[Short text fragments from websites]
──────────────────────────────

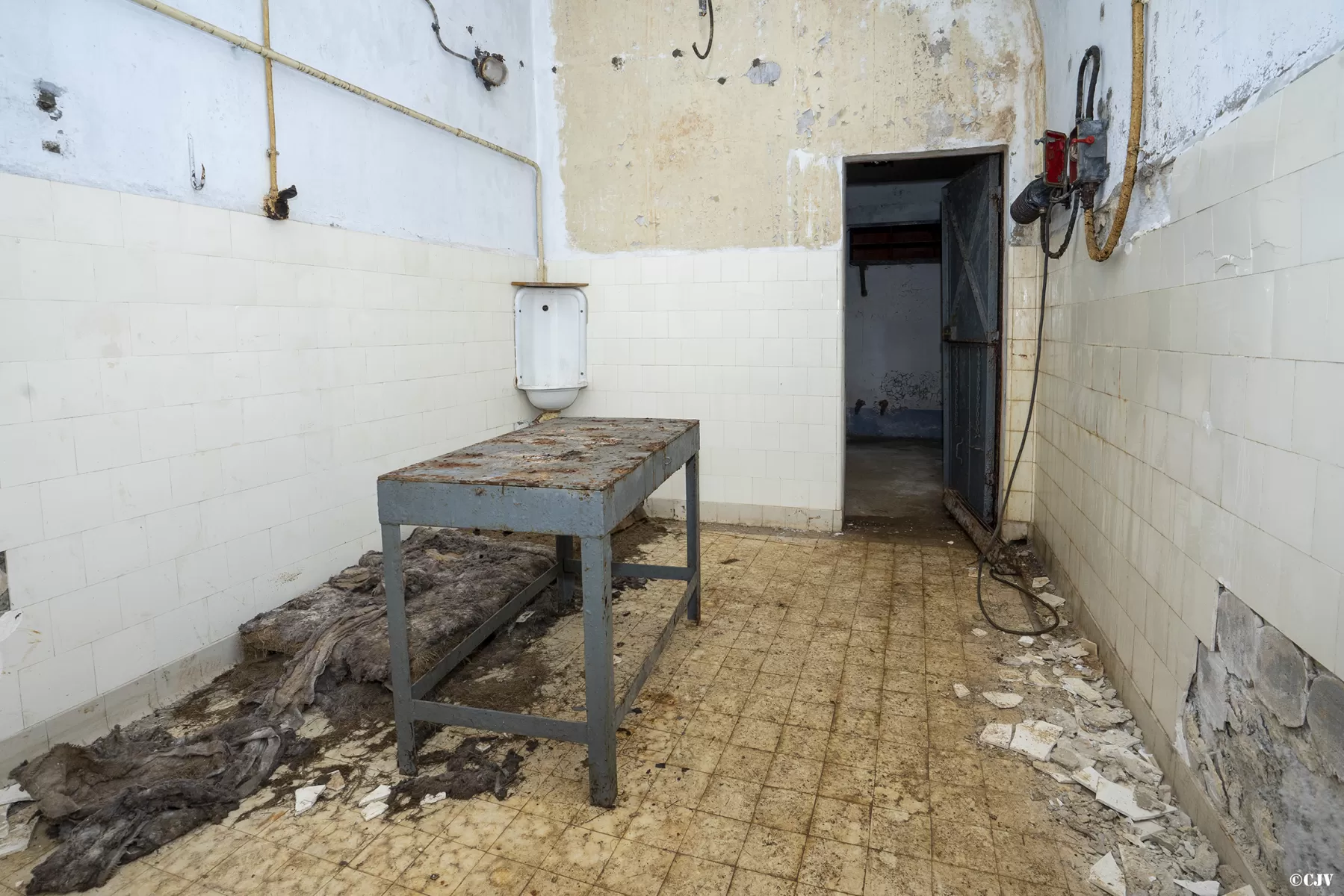 Ligne Maginot - SAPEY - (Ouvrage d'artillerie) - L'infirmerie - Lia VERMEULEN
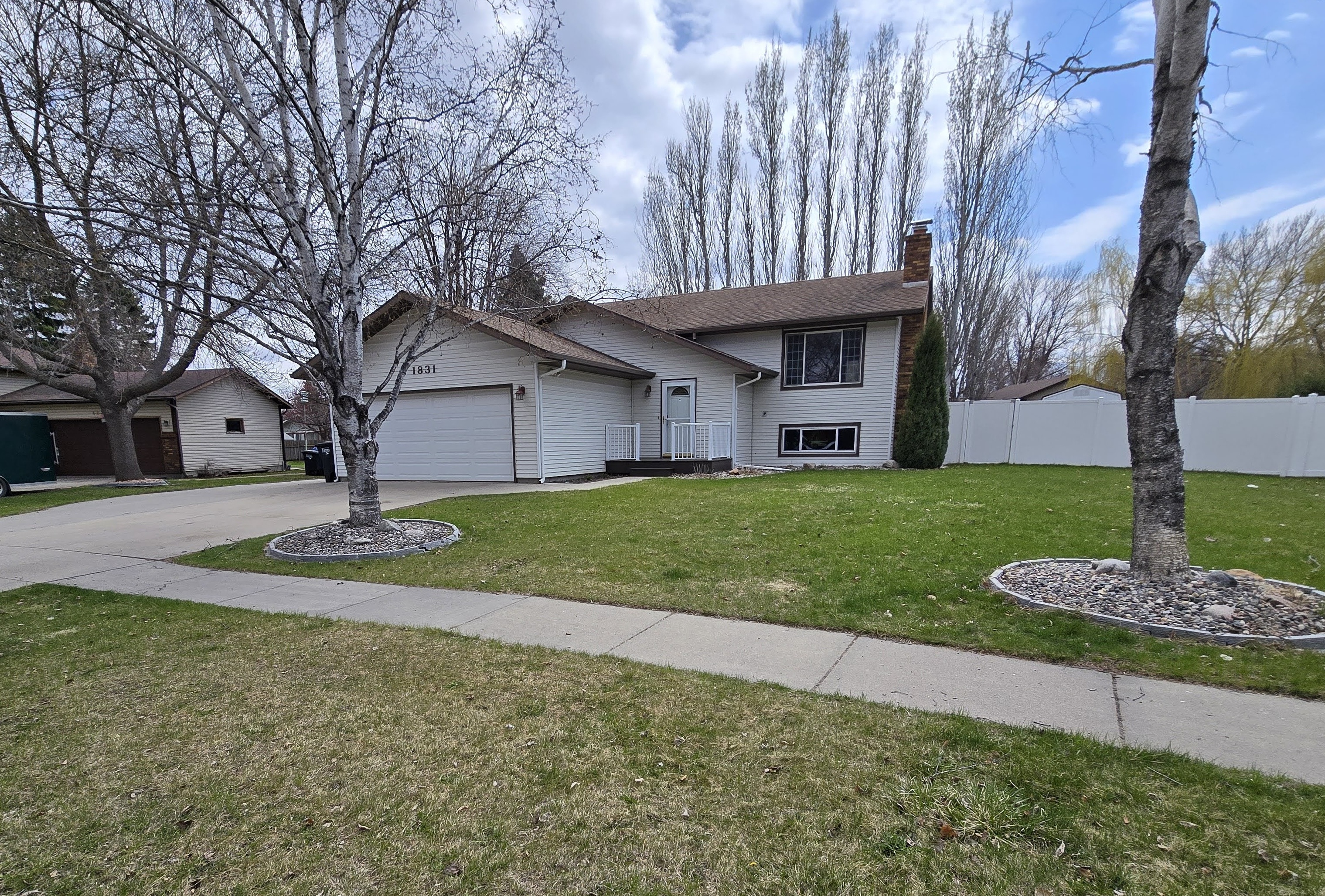 1831 Prairie Lane South, Fargo, ND, 58103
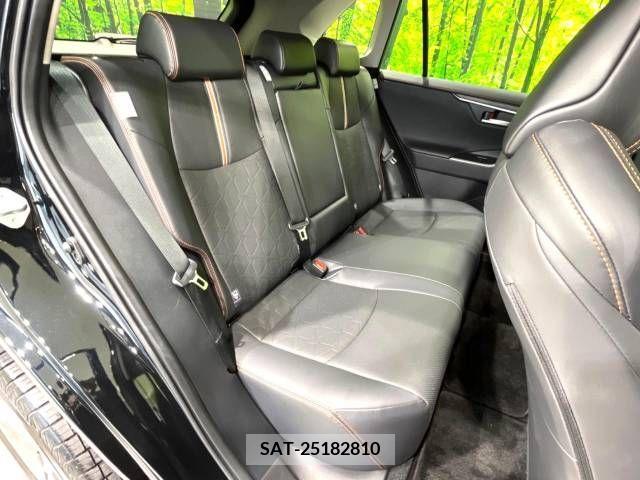 Toyota RAV4 2023-03 332829-11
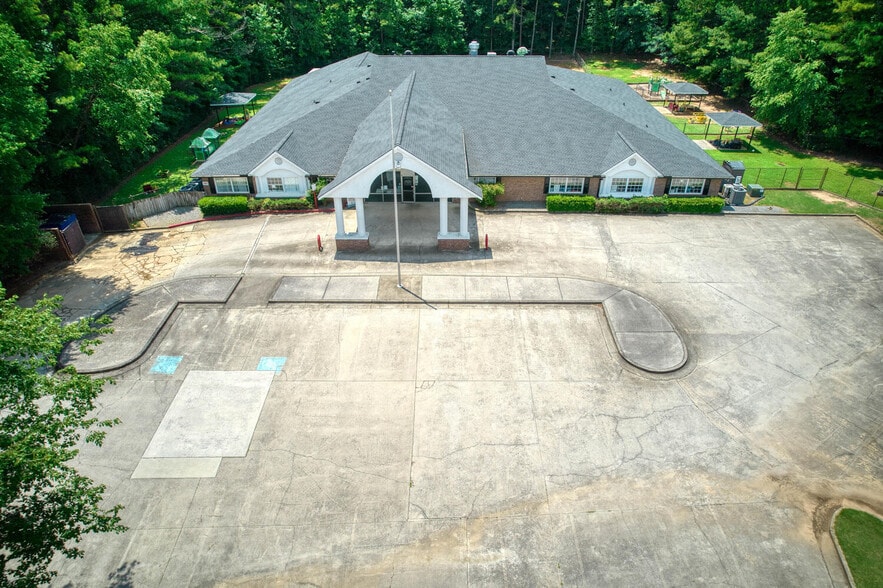 More Photos Of 2081 Mesa Valley Way, Austell Specialty For Sale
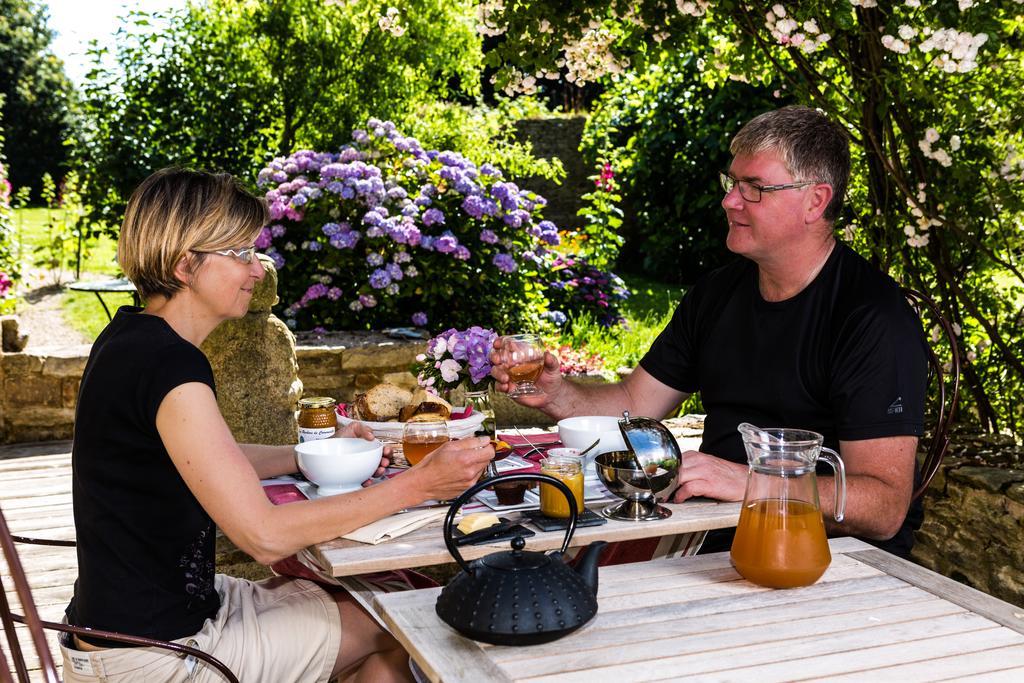 Bed And Breakfast La Fontaine Blanche Melgven 외부 사진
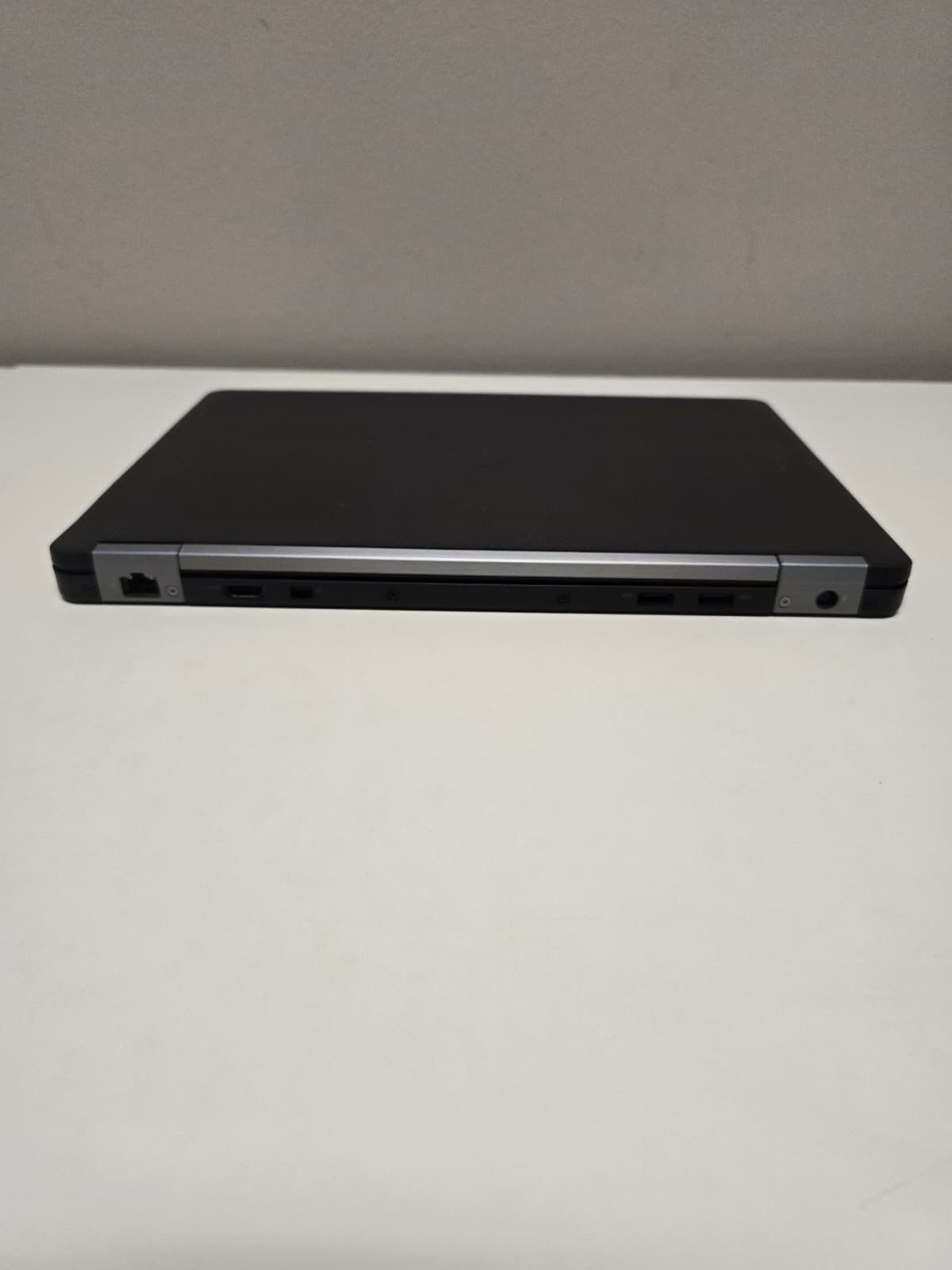 Dell Latitude E7470 TouchScreen QHD | i5 6th 16GB RAM 256GB SSD | Backlit Win 11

──────────────────────────────

Action item: In the copy, include exactly the lines from the one with "Bed And Breakfast" through the final line of the data, both ends included, and no pictures.

The answer:
 Bed And Breakfast La Fontaine Blanche Melgven 외부 사진
 Dell Latitude E7470 TouchScreen QHD | i5 6th 16GB RAM 256GB SSD | Backlit Win 11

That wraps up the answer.